No doubt the Oz has themselves in mind when they talk about “quality journalism” and there remains many talented journalists in their ranks. Unfortunately their work is skewed by editorial decisions tied to owner Rupert Murdoch’s increasingly unhinged world view. Was Murdoch debasing quality journalism with his tweetstorm last week, based on his observations after returning to Australia last month? Murdoch called the country “ungovernable” thanks to “extreme greenies”, “corrupt violent unions” and “deadly drugs”. The solution to this odious cocktail according to Murdoch? More of the same – another Abbott government.

The Australian is a faithful servant of His Master’s Voice ranting against environmentalism, unionism, drugs and more. It has long defended its position as the sacred arbiter of the news and its opinion pages are clogged with political analysts mostly to the right of Genghis Khan. The newspaper has been particularly dismissive of “pyjama-clad bloggers” and “under-employed academics” who dare venture into its chosen field with alternative views.

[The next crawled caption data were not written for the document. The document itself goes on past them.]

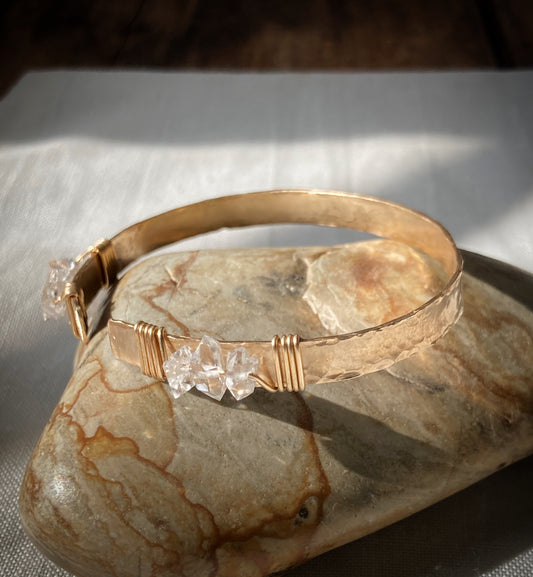 Hammered Herkimer Diamond Cuff Bracelet MTO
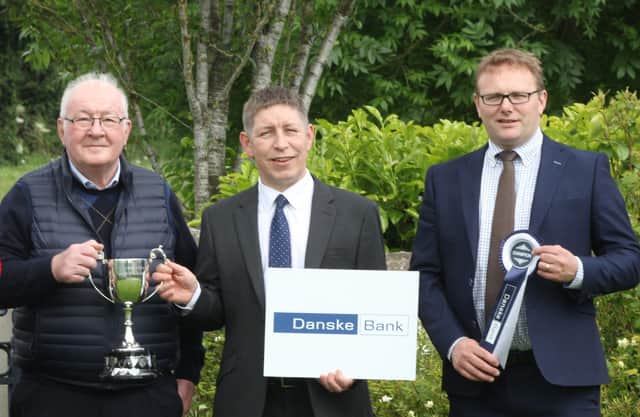 Danske Bank is the principal sponsor of the Simmental National Show taking place at Armagh County Show on Saturday 11th June. Rodney Brown and Mark Forsythe, Danke Bank, are pictured with NI Simmental Club committee member David Hazelton.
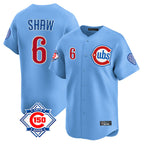 BIPIHUC C.Cubs #6 Matt Shaw Player Light Blue 150th Anniversary Limited Home Stitched Jerseys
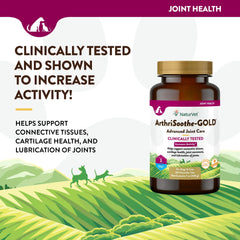 NaturVet ArthriSoothe-GOLD Level 3 image highlights healthy joints and hip-knee support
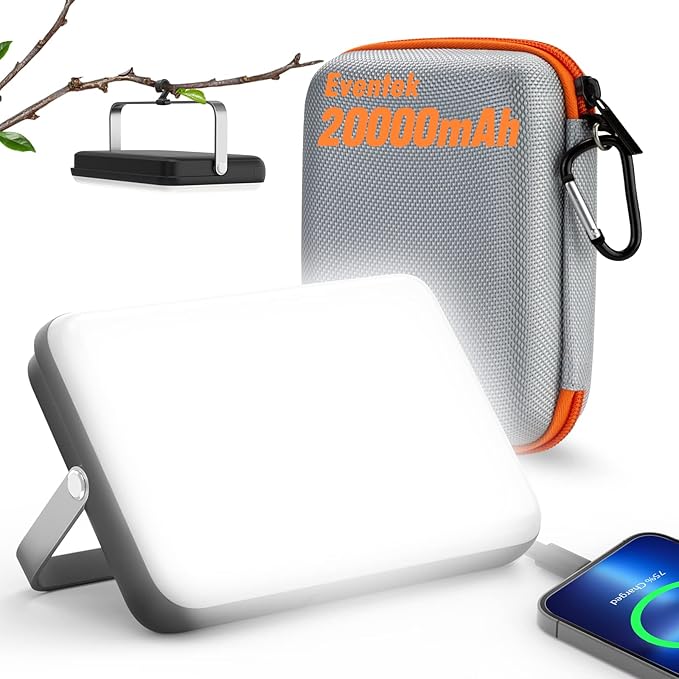 Eventek LED Camping Lantern Rechargeable, 20000mAh Portable Camping Lights up to 144 Hours & 4 Light Modes, IPX5 Waterproof Camping Essentials for Power Outages, Emergency, Tent, Valentine's Gift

Twitter, with its easy facility to talk back to power, has long been a target. But would @rupertmurdoch (now 1500 tweets old and counting, with 608,000 followers) appreciate a full page of this weekend’s Inquirer section devoted to exposing the evils of the 140-character communications mechanism?

The lead story on the page from reporter John Lyons (a talented journalist who seems reluctantly roped into this auto da fé) was about the Border Force debacle in Melbourne last week. The headline “The news, brought to you unedited” is dripping in irony at a company that sacked most of its sub-editors in 2013.

Yet the sub-headline continued to push the house message: “The idea of checking facts and verifying sources is alien to Twitter”.  It is a statement that makes as much sense as saying “the idea of checking facts and verifying sources is alien to paper”. Twitter is a tool used by hundreds of millions of people, with hundreds of millions different reasons. “Twitter” (even in the narrow News Ltd sense as “the people that use Twitter politically”) is made up mostly of individuals, not news organisations and they are not bound by the institutional, and increasingly fraught “rules of journalism”.

Despite calling it a Twitter war, Lyons initially plays a straight bat on the #borderfarce story acknowledging the effect Twitter has on the news cycle. But then it gets judgmental. There is a ritual attack on Fairfax before decrying the lack of filters in Twitter with people “re-tweeting” (his quotation marks, it’s obviously not a real word yet) information that often was wrong. That’s true, but no different to newspapers, and with far less influence. Traditional media says Lyons, “usually” (my quotation marks, it’s getting less and less usual) has several pairs of eyes looking at articles before publication.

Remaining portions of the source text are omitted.